Control experiments were performed to gain more insights into the mechanism (Figure 1a,i–iii). Compounds 2–4 all successfully generated 1 with comparable enantioselectivity when separately subjected to the standard reaction with acetone. The high enantioselectivity obtained from racemic intermediate 4 suggested that the product stereochemistry is determined by the chiral catalyst in a subsequent step. Under standard conditions, both N-methylindole and N-Boc-protected indole failed to afford the corresponding spiro bisindole products, thus consistent with the proposed essential role of the free N─H motif in the indole substrate for hydrogen bonding interaction of the catalyst (Figure 1a,v). These results agree with the proposed mechanism. The product ee values showed a linear relationship with the catalyst ee values (Figure 1b), thus consistent with the involvement of one CPA molecule in the enantiodetermining transition state.

We were intrigued by the dramatic influence of additive B1. When the protected methyl ether B1' was used, the reaction provided only 20% yield and 16% ee, in stark contrast to the standard reaction (Figure 1a,iv). Obviously, the free alcohol in B1 plays a critical role. To know more about the nature of this role, we further studied the possible interaction between B1 and A4. Upon mixing with A4, the proton nuclear magnetic resonance (¹H NMR) signals of the two benzylic hydrogens of B1 showed significant up-field shifts. The shifts were greater with increased loadings of A4 (Figure 1c). Moreover, the original two enantiotopic hydrogens were split into two doublets, indicative of becoming diastereotopic, likely caused by interaction with a chiral molecule. Indeed, the ¹⁹F NMR signal of B1 also showed consistent shifts (see more details in the Supporting Information). We also observed obvious shifts of the ³¹P NMR signal of A4 when mixing with B1 (Figure 1d).^[49] These results clearly indicate a favorable interaction between A4 and B1, probably via hydrogen bonding, which was confirmed by density functional theory (DFT) calculations (see the Supporting Information for details). We believe that such interactions may increase the acidity of the CPA catalyst and impose additional steric influence during asymmetric induction, thereby contributing to the observed enhanced catalytic performance.^{[50, 51]}

To know more about the structure properties of the related spiro bisindoles, we compared some key parameters based on their X-ray crystallographic data (Figure 2). The dihedral angle (between the two indole rings) of SPINDOLE-2 is 90°,^[52] which is in between those of SPINDOLE-1 (79.1°) and SPINDOLE-1-Ph₂ (99.2°).^[23] It has a much shorter N⋯N distance than the other two analogues. These distinctive features may allow SPINDOLE-2 to provide complementary performance when serving as a chiral catalyst backbone.
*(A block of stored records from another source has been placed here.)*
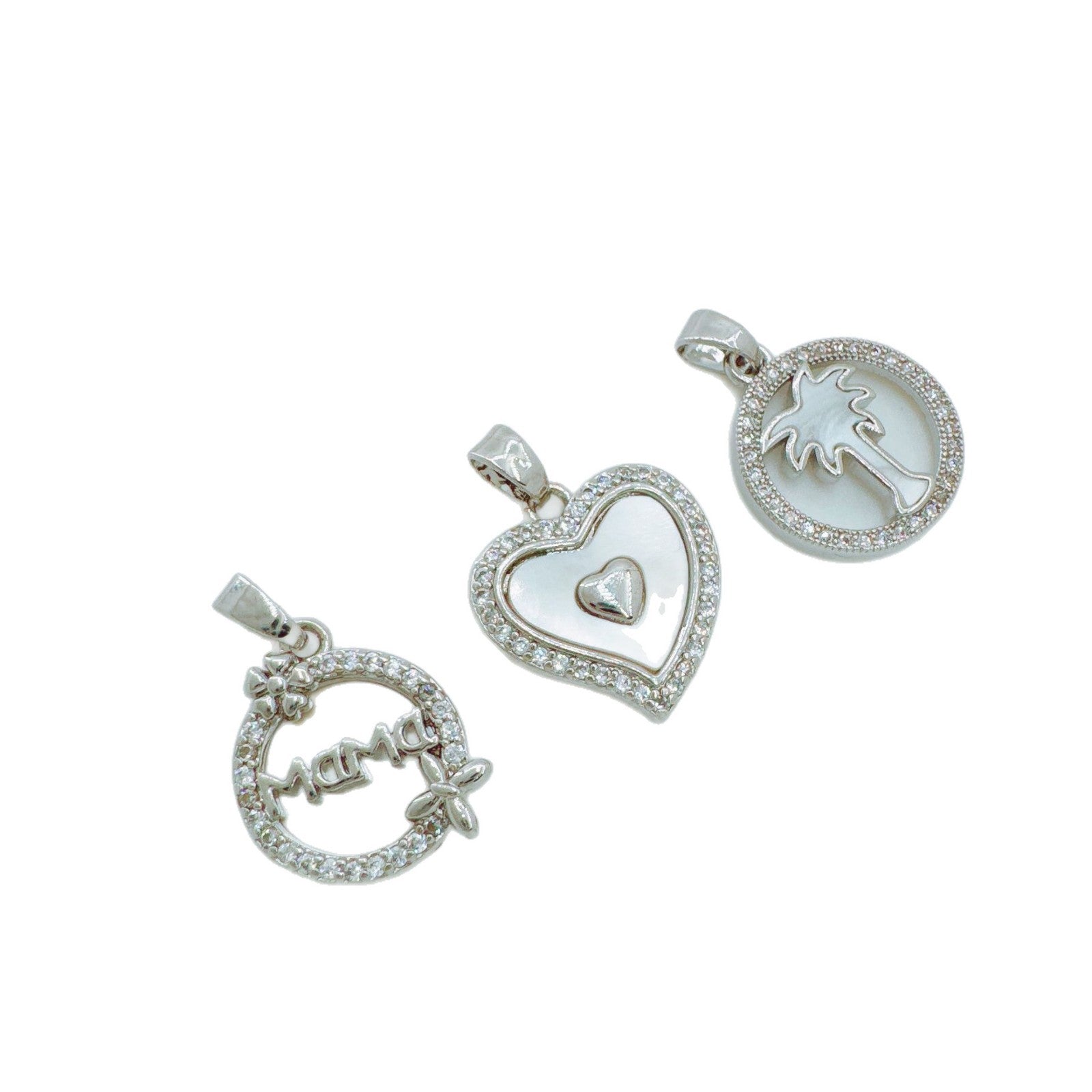 Wholesale Letter Heart nut Tree Pendant Necklace,  Copper Electroplated Jewelry Accessory for Women Boutique Resale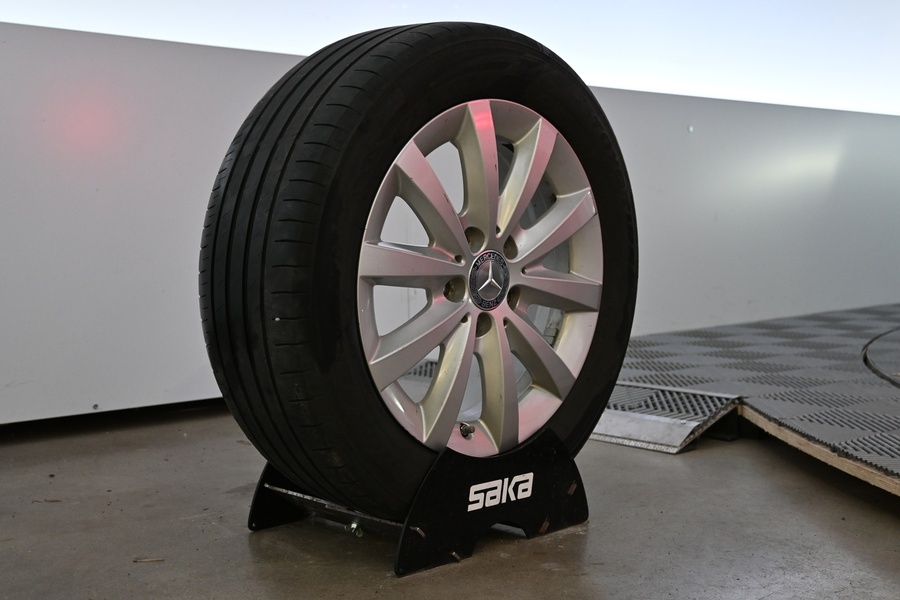 Mercedes-Benz B vaihtoauto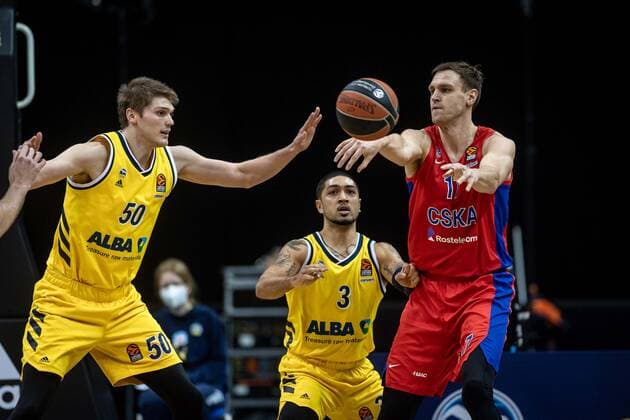 Basketball Berlin 27.01.2021 Saison 2020 2021 Euroleague Regular Season Alba Berlin vs ZSKA Moskau Johannes Voigtmann (Moskau, No.17) Peyton Siva (Alba Berlin, No.03)
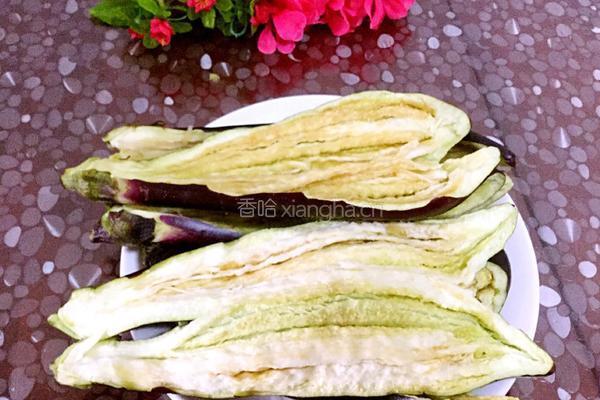 蒜泥茄子卷苦菊的做法图解6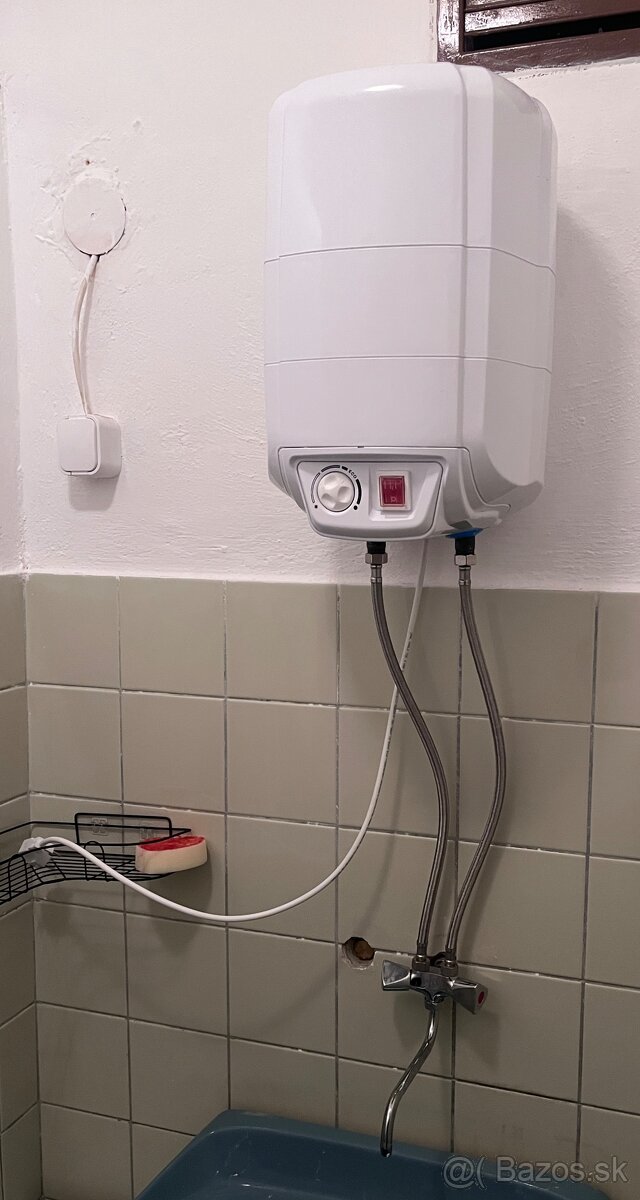 Prietokový ohrievač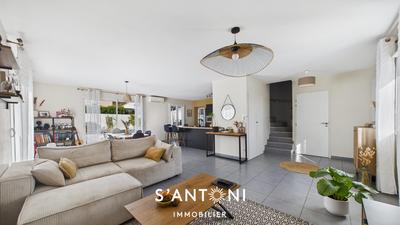 Maison - 113 m² - 4 pièces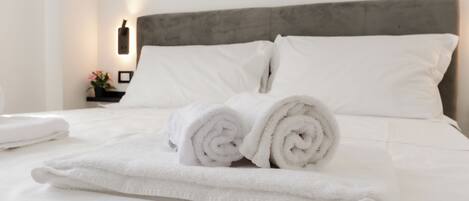 Zimmer | Schreibtisch, Verdunkelungsvorhänge, kostenloses WLAN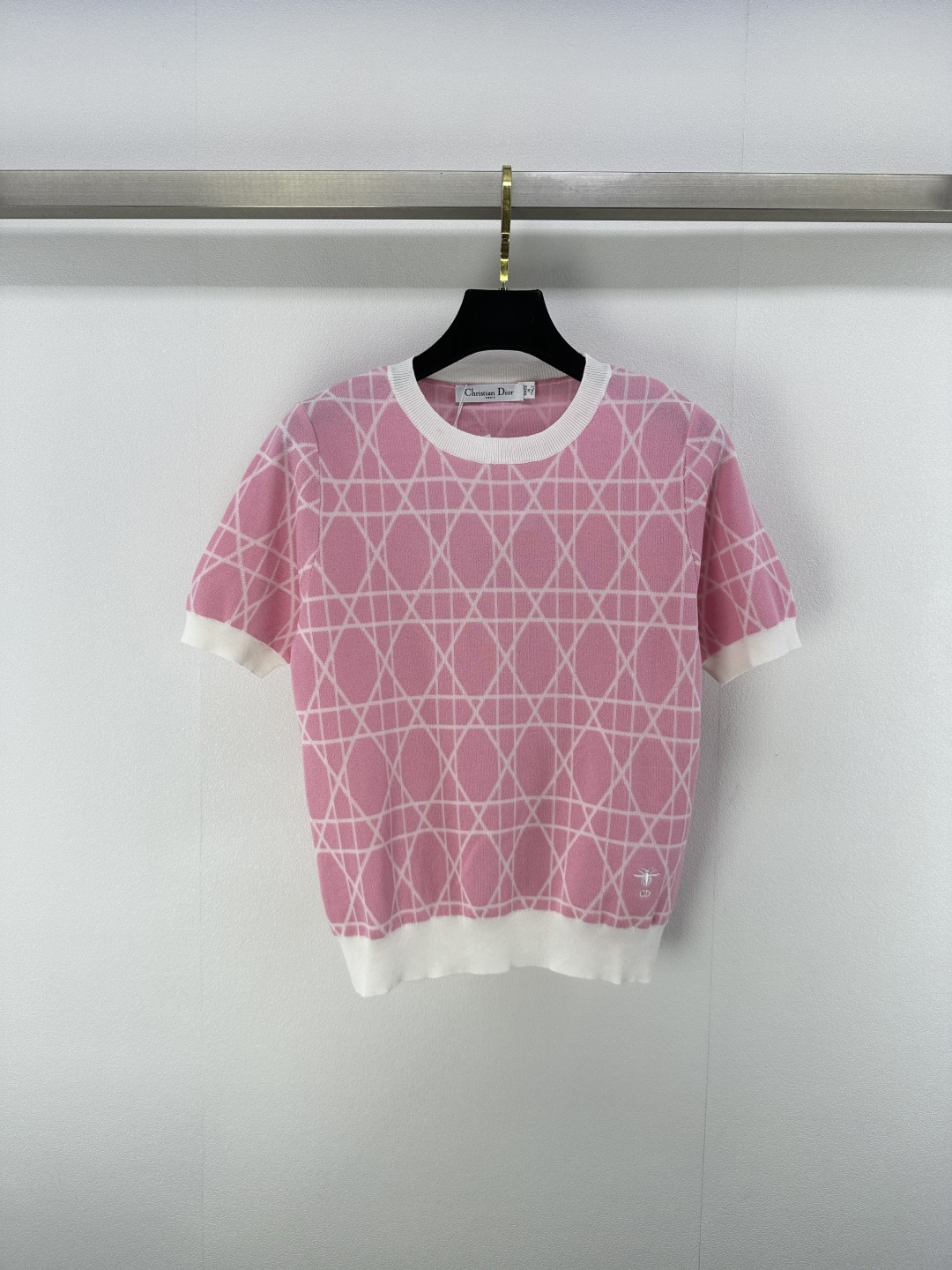 NO:409937,New details on Dio* 25 Spring and summer new knitted round neck short sleeves Classic diamond jacquard decoration Hem letter CD embroidery embellishment Classic high-end fashionable and versatile 2 colors 3 codes SML, dior, T-shirt, alexander wang19860909Dio*上新细节 25 春夏新款针织圆领短袖 经典菱格提花装饰 下摆字母CD刺绣点缀 经典高级时髦百搭 2色3码SML,,dior,T-shirt,alexander wang,Women's clothing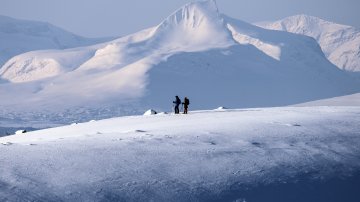 Tunturihiihtäjän Kilpisjärvi – opas talviseen seikkailuun!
In conclusion, we have developed a “one-pot self-assembly” strategy for the rapid synthesis of a spiro bisindole and demonstrated its utility in asymmetric catalysis. The direct use of cheap materials, indole and acetone, in a simple operation constitutes the most prominent feature of this design, which contrasts drastically with the long synthetic sequence required for those conventional privileged C₂-symmetric spirocyclic structures. The newly obtained bisindole has been validated as a useful chiral backbone of effective catalysts/ligands. Control experiments provided additional support for the mechanism, which involves many C─C bond formation and cleavage events. Despite the possibility of generating multiple products, the optimized protocol was able to achieve high efficiency and good enantioselectivity. The key to success lies in the use of a uniquely effective alcohol additive together with a suitable CPA catalyst. Their favorable interaction was confirmed by NMR and DFT studies. More detailed investigations are ongoing in our laboratory.

Conflict of Interests

A provisional patent has been filed.